Focusing only on reducing migratory flows from Libya at all costs risks de-legitimising the new Libyan government and de-stabilising the country, according to a new report about the political economy of Libya's human smuggling.
The report, The Human Conveyor Belt: An analysis of the industrialisation of human trafficking and smuggling in post-revolution Libya, was launched yesterday by the Global Initiative against Transnational Organised Crime and the European Centre for Development Policy Management.
The route from Libya to Italy remains the deadliest irregular sea crossing in the world, with more than 5,000 drownings there last year alone.
But this journey is only part of the dangerous trip that many take: some die while crossing the Sahara, while others are brutally detained or abused by militias.

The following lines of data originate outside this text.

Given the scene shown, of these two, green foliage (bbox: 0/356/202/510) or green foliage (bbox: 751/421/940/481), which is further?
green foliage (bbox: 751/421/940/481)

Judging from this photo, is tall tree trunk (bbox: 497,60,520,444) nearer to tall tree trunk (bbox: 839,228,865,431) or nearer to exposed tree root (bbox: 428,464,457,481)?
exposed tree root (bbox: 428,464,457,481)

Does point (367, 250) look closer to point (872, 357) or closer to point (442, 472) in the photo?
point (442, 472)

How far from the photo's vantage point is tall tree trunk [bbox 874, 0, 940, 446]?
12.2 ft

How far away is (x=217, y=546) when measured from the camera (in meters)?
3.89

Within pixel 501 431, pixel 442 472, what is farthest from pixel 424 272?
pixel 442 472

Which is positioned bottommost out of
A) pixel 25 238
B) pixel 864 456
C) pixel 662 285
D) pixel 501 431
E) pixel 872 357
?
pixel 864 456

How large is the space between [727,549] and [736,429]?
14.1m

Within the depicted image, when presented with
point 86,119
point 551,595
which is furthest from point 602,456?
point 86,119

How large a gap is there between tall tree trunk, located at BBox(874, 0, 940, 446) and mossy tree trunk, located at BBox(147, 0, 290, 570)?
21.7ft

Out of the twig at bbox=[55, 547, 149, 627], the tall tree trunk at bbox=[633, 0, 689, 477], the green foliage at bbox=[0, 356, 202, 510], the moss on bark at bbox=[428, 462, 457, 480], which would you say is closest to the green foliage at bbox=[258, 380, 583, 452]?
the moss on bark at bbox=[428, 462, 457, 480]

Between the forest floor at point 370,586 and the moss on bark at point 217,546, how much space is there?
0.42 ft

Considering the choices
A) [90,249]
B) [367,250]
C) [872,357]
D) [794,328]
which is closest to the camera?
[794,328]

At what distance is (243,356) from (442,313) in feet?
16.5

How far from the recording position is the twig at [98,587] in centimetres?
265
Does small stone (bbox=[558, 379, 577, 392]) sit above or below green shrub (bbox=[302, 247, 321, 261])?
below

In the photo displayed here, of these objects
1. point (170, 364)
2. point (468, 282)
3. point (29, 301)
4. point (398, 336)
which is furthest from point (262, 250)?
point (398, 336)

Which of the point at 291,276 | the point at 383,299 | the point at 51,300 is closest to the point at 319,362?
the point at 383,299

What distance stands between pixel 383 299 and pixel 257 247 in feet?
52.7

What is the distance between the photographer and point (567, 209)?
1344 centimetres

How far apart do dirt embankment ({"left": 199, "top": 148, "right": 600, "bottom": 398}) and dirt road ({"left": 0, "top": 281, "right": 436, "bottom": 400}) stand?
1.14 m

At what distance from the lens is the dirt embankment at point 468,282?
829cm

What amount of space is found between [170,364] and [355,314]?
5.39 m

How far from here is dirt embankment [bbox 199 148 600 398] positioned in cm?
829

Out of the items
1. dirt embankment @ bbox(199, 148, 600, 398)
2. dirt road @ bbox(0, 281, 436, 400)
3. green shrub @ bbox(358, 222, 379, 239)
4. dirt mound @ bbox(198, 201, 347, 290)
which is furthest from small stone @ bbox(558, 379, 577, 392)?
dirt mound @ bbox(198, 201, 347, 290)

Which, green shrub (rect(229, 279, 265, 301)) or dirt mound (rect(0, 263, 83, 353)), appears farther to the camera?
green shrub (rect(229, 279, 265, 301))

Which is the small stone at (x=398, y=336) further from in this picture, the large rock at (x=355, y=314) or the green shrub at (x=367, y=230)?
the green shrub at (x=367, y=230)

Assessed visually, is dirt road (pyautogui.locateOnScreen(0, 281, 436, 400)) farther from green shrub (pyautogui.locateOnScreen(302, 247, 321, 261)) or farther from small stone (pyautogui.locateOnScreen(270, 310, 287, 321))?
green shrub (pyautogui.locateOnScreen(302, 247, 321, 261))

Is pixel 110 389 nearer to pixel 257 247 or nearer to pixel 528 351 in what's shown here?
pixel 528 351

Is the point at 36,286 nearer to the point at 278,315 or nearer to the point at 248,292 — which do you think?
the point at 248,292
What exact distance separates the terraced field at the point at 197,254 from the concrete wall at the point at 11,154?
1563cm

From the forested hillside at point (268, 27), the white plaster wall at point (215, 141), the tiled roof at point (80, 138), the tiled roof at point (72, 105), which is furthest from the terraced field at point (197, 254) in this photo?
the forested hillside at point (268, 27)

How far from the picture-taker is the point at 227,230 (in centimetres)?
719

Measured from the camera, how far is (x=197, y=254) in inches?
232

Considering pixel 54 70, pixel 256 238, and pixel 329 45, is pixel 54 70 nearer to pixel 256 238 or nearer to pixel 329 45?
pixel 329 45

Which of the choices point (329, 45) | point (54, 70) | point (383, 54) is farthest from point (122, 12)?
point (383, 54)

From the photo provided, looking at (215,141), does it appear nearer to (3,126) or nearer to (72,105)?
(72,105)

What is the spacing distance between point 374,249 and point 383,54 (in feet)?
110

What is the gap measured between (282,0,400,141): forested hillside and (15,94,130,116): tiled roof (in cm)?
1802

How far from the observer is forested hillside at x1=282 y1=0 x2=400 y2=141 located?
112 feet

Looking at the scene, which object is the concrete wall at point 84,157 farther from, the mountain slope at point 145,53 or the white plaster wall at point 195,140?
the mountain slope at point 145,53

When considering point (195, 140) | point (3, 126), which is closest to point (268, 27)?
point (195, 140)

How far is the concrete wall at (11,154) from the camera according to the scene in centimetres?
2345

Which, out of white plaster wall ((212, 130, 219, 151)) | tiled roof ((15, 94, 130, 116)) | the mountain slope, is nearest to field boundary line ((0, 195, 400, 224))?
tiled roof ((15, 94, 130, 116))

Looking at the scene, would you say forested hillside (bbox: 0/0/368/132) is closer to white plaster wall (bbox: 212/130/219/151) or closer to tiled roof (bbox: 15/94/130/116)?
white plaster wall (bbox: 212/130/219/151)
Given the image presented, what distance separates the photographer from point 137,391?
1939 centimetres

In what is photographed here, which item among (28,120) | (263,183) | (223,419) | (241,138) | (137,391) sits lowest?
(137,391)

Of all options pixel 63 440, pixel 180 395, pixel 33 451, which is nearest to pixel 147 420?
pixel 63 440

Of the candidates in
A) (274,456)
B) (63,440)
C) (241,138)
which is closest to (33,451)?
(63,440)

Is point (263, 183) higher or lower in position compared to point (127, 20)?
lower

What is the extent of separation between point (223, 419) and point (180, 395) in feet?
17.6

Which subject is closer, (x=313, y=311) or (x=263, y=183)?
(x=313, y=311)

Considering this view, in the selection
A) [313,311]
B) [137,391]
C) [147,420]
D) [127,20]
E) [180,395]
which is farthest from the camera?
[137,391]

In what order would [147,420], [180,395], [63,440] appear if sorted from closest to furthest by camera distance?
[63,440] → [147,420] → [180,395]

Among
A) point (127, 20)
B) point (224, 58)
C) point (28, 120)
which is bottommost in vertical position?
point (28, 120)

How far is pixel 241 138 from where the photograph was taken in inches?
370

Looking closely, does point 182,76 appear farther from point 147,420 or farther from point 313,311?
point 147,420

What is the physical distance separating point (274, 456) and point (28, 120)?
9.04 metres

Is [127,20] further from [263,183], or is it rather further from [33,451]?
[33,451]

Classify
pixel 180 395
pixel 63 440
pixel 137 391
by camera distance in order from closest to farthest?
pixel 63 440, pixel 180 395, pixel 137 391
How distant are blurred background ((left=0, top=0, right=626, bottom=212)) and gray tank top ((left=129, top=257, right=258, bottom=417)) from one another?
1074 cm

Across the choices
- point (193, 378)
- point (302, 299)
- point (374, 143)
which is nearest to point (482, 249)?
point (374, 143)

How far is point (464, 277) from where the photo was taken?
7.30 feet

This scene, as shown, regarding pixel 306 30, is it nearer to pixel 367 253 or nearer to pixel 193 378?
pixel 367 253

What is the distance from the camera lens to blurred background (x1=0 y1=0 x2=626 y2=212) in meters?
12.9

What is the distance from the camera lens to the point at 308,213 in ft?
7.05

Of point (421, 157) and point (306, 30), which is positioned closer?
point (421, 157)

The report, written by former Times of Malta news editor Mark Micallef, maps out the people involved, their networks and the flow of smuggling profits while highlighting the implications of the smuggling industry on Libya's transition and the stability across the Sahel-Maghreb.
Launching the report in Brussels, Mr Micallef referred to the €200 million agreement that the EU recently reached with the Libyan Government of National Accord to stem the flow of migrants.
Mr Micallef, now a senior research fellow at Global Initiative, noted that the Libyan economy and employment being on their knees, migration was certainly not on the Libyan people's priority list.
Expecting the GNA to deliver on something that was considered to be an outsider's agenda risked undermining the legitimacy of the government, he said.
Meanwhile, before Libya had one centralised government holding a reasonable amount of control over security, Europe would not know where the money was going, Mr Micallef added.
Before Libya had one centralised government holding a reasonable amount of control over security, Europe would not know where the money was going
During the launch, he noted that while continuing with the process of facilitating and encouraging Libyan dialogue to set up a true government of national reconciliation, there were local political ecosystems that Europe could engage with, such as municipalities and local communities.
Mr Micallef also comments in the report that any advancement of the European Union’s border control plans must be accompanied by investment in the provision of protection and a relocation programme for refugees transiting through Libya.
“Human smuggling and trafficking, and the ancillary criminal activities they have sustained or spawned, have entrenched themselves in the fabric of Libyan communities across the country.
“Dealing with migratory flows at the end of the process on Libya's northern shores will very likely create sustained regional displacement and destabilising effects,” the report says.
It adds that the smugglers’ business model will only be undermined by action on the demand side. A substantive relocation system inside Libya and further afield would create asylum queues that would ultimately divert business away from them.